Inspired by this old Stack Overflow question https://stackoverflow.com/questions/19765610/when-does-locale-affect-rs-regular-expressions I was wondering why this is TRUE: Sys.setlocale("LC_ALL", "et_EE") grepl("[A-Z]", "T") TRE's documentation at <https://laurikari.net/tre/documentation/regex-syntax/> says that a range "is shorthand for the full range of characters between those two [endpoints] (inclusive) in the collating sequence". Yet, T is *not* between A and Z in the Estonian collating sequence: sort(LETTERS) [1] "A" "B" "C" "D" "E" "F" "G" "H" "I" "J" "K" "L" "M" "N" "O" "P" "Q" "R" "S" [20] "Z" "T" "U" "V" "W" "X" "Y" I realize that this may be a question about TRE rather than about R *per se* (FWIW the grepl() result is also TRUE with `perl = TRUE`, so the question also applies to PCRE), but I'm wondering if anyone has any insights ... (and yes, I know that the correct answer is "use [:alpha:] and don't worry about it") (In contrast, the ICU engine underlying stringi/stringr says "[t]he characters to include are determined by Unicode code point ordering" - see https://stackoverflow.com/questions/76365426/does-stringrs-regex-engine-translate-a-z-into-abcdefghijklmnopqrstuvwyz/76366163#76366163 for links)
Martin Maechler
2023-Jun-01 08:11 UTC
[Rd] why does [A-Z] include 'T' in an Estonian locale?

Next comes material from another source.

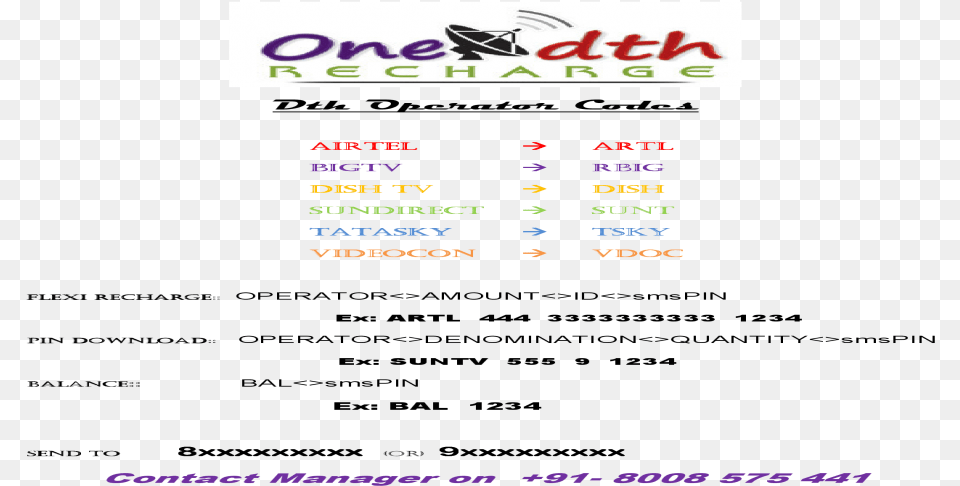 Dth Operator Codes Document, Text Png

>>>>> Ben Bolker >>>>> on Tue, 30 May 2023 11:45:20 -0400 writes:> Inspired by this old Stack Overflow question > https://stackoverflow.com/questions/19765610/when-does-locale-affect-rs-regular-expressions > I was wondering why this is TRUE: > Sys.setlocale("LC_ALL", "et_EE") > grepl("[A-Z]", "T") > TRE's documentation at > <https://laurikari.net/tre/documentation/regex-syntax/> says that a > range "is shorthand for the full range of characters between those two > [endpoints] (inclusive) in the collating sequence". > Yet, T is *not* between A and Z in the Estonian collating sequence: > sort(LETTERS) > [1] "A" "B" "C" "D" "E" "F" "G" "H" "I" "J" "K" "L" "M" "N" "O" "P" > "Q" "R" "S" > [20] "Z" "T" "U" "V" "W" "X" "Y" > I realize that this may be a question about TRE rather than about R > *per se* (FWIW the grepl() result is also TRUE with `perl = TRUE`, so > the question also applies to PCRE), but I'm wondering if anyone has any > insights ... (and yes, I know that the correct answer is "use [:alpha:] > and don't worry about it") > (In contrast, the ICU engine underlying stringi/stringr says "[t]he > characters to include are determined by Unicode code point ordering" - see > https://stackoverflow.com/questions/76365426/does-stringrs-regex-engine-translate-a-z-into-abcdefghijklmnopqrstuvwyz/76366163#76366163 > for links) Your last (<sentence>) may point to the solution of the riddle: Nowadays, typically in R> capabilities()[["ICU"]][1] TRUE but of course now one has to study if / why ICU seems to take precedence over the locale's internal "sort"ing .. Best regards, Martin
Tomas Kalibera
2023-Jun-01 09:53 UTC
[Rd] why does [A-Z] include 'T' in an Estonian locale?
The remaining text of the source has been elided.